Twenty-seven pediatric residents and 3 nurse practitioners explored models of a developmentally typical heart and tetralogy of Fallot pathology. Most participants had minimal prior exposure to VR (1.1 ± 0.4) or 3D printed models (2.1 ± 1.5). Participants endorsed a greater degree of understanding with VR models (8.5 ± 1) compared with 3D Printed models (6.3 ± 1.8) or traditional models of instruction (5.5 ± 1.5) p < 0.001. Most participants felt comfortable with modern technology (7.6 ± 2.1). 87% of participants preferred VR over 3DP.

Conclusions

Our study shows that, overall, VR was preferred over 3DP models by pediatric residents and nurse practitioners for understanding cardiac anatomy and pathophysiology.

Introduction

Medical trainees frequently note that cardiac anatomy and pathophysiology is difficult to fully conceive in a two dimensional (2D) framework [1, 2]. While it is certainly possible to extrapolate three dimensional (3D) relationships from 2D representations, this conceptual leap is best achieved with an acuity developed over time, not readily available to the novice learner. Such an understanding is especially important in pediatric cardiology in which there is an intricate relationship between the spatial orientation of cardiac anatomy and associated physiology. In an attempt to strengthen this understanding, various 3D modalities have been developed including 3D digital models (3DD), 3D printed models (3DP), Virtual Reality (VR), Augmented Reality (AR), and Mixed reality (MR) [3,4,5]. VR is an immersive digital experience in a simulated environment separate from the real world typically using a head-mounted display or headset. AR enhances or augments a real world environment with superimposed digital information such as data and images while MR extends AR to allow for interaction between the virtual and real word components of the combined environment [6]. While the use of each of these modalities is growing substantially, there is sparse data on the comparative value of each modality.

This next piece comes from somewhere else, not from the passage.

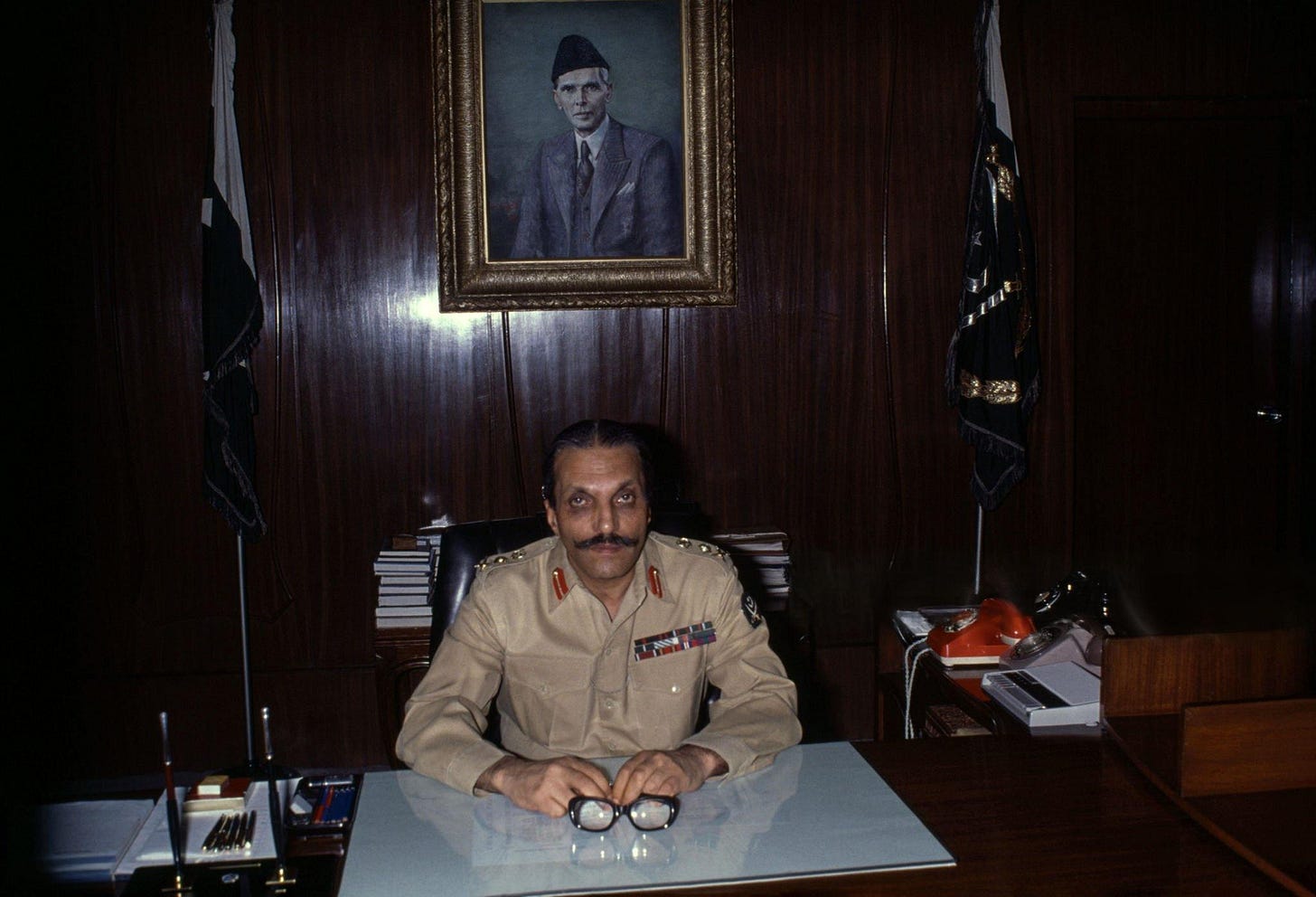 Pakistani military dictator Muhammad Zia ul-Haq in his office, 1977. After seizing power, he spent 11 years overseeing his predecessor's execution, accelerating Pakistan's nuclear program, and transforming the nation into an Islamic state.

3DP has found multiple applications in pediatric cardiology education. Several studies have incorporated 3DP into curricula to compare learner response compared to traditional teaching modalities [1, 7,8,9]. These studies have consistently found improved learner satisfaction in the domains of knowledge acquisition and structural conceptualization. Of increasing interest has been whether such subjective assessments translate into improved objective performance. One study compared pre-test and post-test performance for a control group (traditional teaching) versus intervention group (3DP) in relation to knowledge acquisition about vascular rings [9]. This study found improved performance for the intervention group. Another study, similarly structured, found no difference in post-scores for medical student groups exposed to traditional 2D vs 3D printed models of tetralogy of Fallot [1]. The authors speculated, however, that the lack of improvement may have been due to questions that focused on pre-formed medical knowledge versus the spatial orientation assessment that 3D printed models would be more likely to enhance.

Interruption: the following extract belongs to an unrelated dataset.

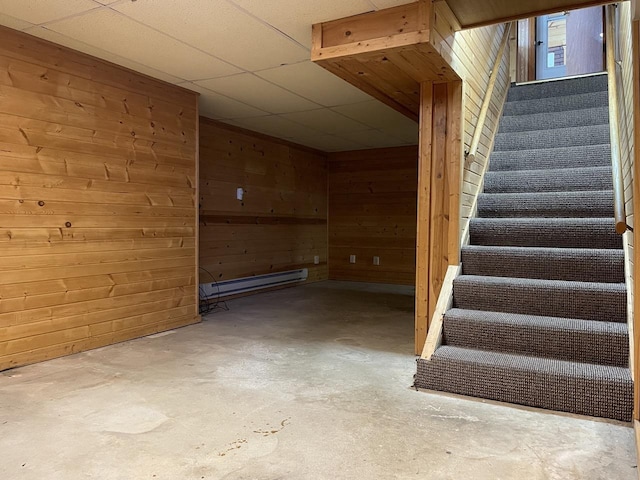 interior space with a baseboard radiator, concrete floors, and wood walls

While 3DP has found several landing points in medical education, surgical preparation, and clinical reinforcement, 3DP has important limitations including cost and limited cutting planes. Significant interest has therefore developed in alternative 3D dimensional representations including Virtual Reality (VR), Augmented Reality (AR) and Mixed Reality (MR) [5, 10]. Sacks and Axelrod (2020) connect adult learning theory to the potential pedagogical value of VR by noting that adults learn best when they are in control of their learning environment, a framework that is congruent with the interactive space of VR [11]. In a study that compared understanding of congenital heart disease among residents and medical students exposed to VR versus conventional 2D display, improved diagnostic scores were noted among the intervention group [2]. Building on the capacity of VR to shorten preparation times, another study demonstrated that applying VR directly to raw MRI data without intermediate segmentation steps could shorten preparation time to 5 min compared to the 8 hours for 3DP [12].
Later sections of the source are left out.